Halkların Demokratik Partisi (HDP) Sözcüsü Saruhan Oluç, partilerinin 2 gün süren MYK toplantısı sonrası açıklama yaptı. İlk olarak DTK Eşbaşkanı ve Hakkari Milletvekili Leyla Güven’in yargılanmasına değinen Oluç, “Leyla Güven, barış mücadelesinde tecridin ne anlama geldiğini iyi bilen kişidir. Nisan 2015 tarihinden beri uygulanan insanlık dışı İmralı’daki ağır tecridin barışa nasıl bir darbe vurduğunu bilen bir kişidir. İmralı’daki tecridin Kürt halkına yönelik bir tecrit olduğunu bilen bir kişidir. Bu durumun değişmesi için kendi kişisel kararı ile açlık grevine başlamıştır. Son derece ağır bir yükü tek başına üstlenmiştir. Bizler bu yükün sadece Leyla Güven tarafından üstlenilmesinin büyük bir haksızlık olduğunun farkındayız. Ancak kendi kişisel kararını elbette saygı ile karşılıyoruz. Cezaevi dışında hem hukuki hem de uluslararası alanda gekeken desteği sunacağımızı ifade etmek istiyoruz” dedi. Oluç, cezaevinde hasta olmasına rağmen bırakılmayan 80 yaşındaki Sise Bingöl’ün durumuna ilişkin de konuştu. MYK toplantılarının önemli gündemlerinden birinin yerel yönetim seçimleri olduğunu söyleyen Oluç, “40’ı aşkın ilde ve 500’ü aşkın ilçede fizibilite çalışmalarımızı tamamladık.

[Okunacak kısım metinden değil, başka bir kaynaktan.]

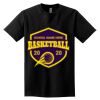 GILDAN® ULTRA COTTON® POCKETED T-SHIRT Thumbnail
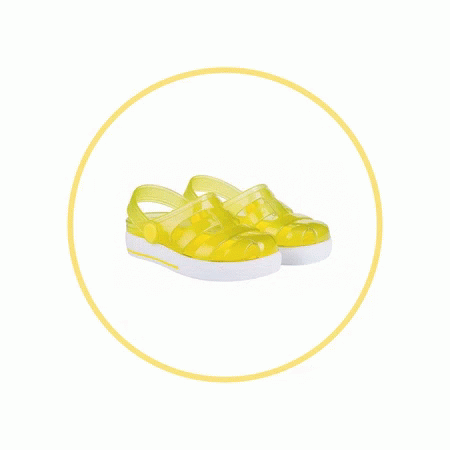 Yellow Shoes What I Want GIF - Yellow Shoes What I Want These Shoes GIFs
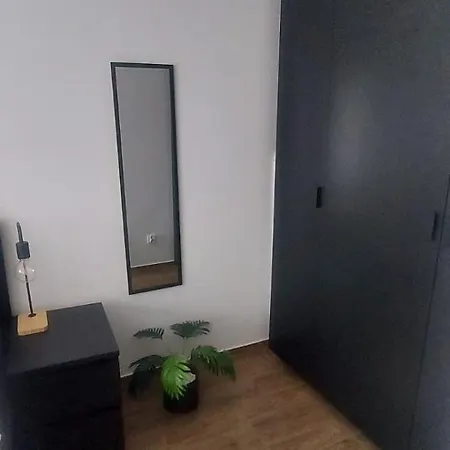 Czarny Dab * 쿠도바-즈루이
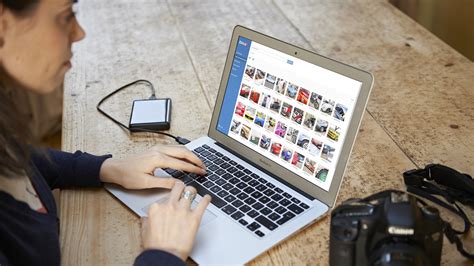 The best cloud storage for photos in 2021: online storage for photographers | Digital Camera World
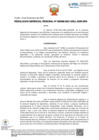 Vista preliminar de documento RGR N° 98-2021-GRLL-GGR-GRA-SGD.pdf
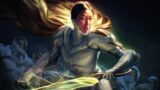 Edge of eternities: 5 consigli per il tuo mazzo pre-release di MTG Arena
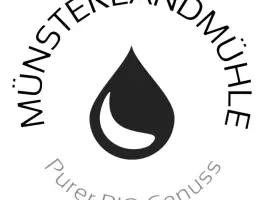Münsterlandmühle in 48268 Greven:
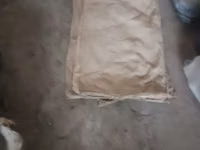 Продаю мешки из мешковины цена договорная — 2-rasm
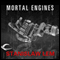 Mortal Engines (Unabridged) audio book by Stanislaw Lem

Yüzlerce STK, sendika, yöre derneği, yurttaş girişimi ile görüşmeler yaptık, fizibilite raporlarımızı tamamladık ve bu raporları MYK’de değerlendirdik. Hem yerel seçim stratejimiz ve bildirgemiz açısından hem de ittifaklar konusunda değerlendirmelerimizi yaptık. MYK’de bir takvim oluşturuldu” dedi. Pazartesinden sonra çalışmalarının ikinci aşamasına geçeceklerini belirten Oluç, bu aşama da adaylık başvuruları, bu başvuruların netleştirilmesi, yerellerde ittifak görüşmeleri ve adaylıkların netleştirileceğini söyledi. Partilerine yönelik baskı ve tutuklamalara da değinen Oluç, “Siz bütün Kürt illerinde tek bir HDP’li kalmayana dek herkesi tutuklasanız da 31 Mart’taki yerel seçimlerde Kürt illerinde asla ama asla istediğiniz sonuçları elde edemeyeceksiniz. Kendinize güveniyorsanız, en ağır toplarınız kimlerse, Binali Yıldırım, Süleyman Soylu, Berat Albayrak; buyurun gelin Van’da, Hakkari’de, Diyarbakır’da, Şırnak’ta onları aday yapın” diye konuştu. “Bu ağır saldırılarla karşı karşıya kaldığımız sürede herhangi bir siyasi parti ki bunu kimse için dilemeyiz, bu saldırılarla karşı karşıya kalsaydı un ufak olurdu” diyen Oluç, “Ama bizler direndik, asla boyun eğmedik. Çöktürme Planı karşısında asla diz çökmedik” değerlendirmesini yaptı. Kimi çevrelerin AKP ile müzakere yürüttüklerine yönelik tartışmalarına ilişkin Oluç, “Bizim gizli görüşme yaptığımızı söyleyenlere diyoruz ki, ‘evinizdeki aynaya bakın karşınızda kimi görüyorsanız onlar gizli görüşme yapıyor’.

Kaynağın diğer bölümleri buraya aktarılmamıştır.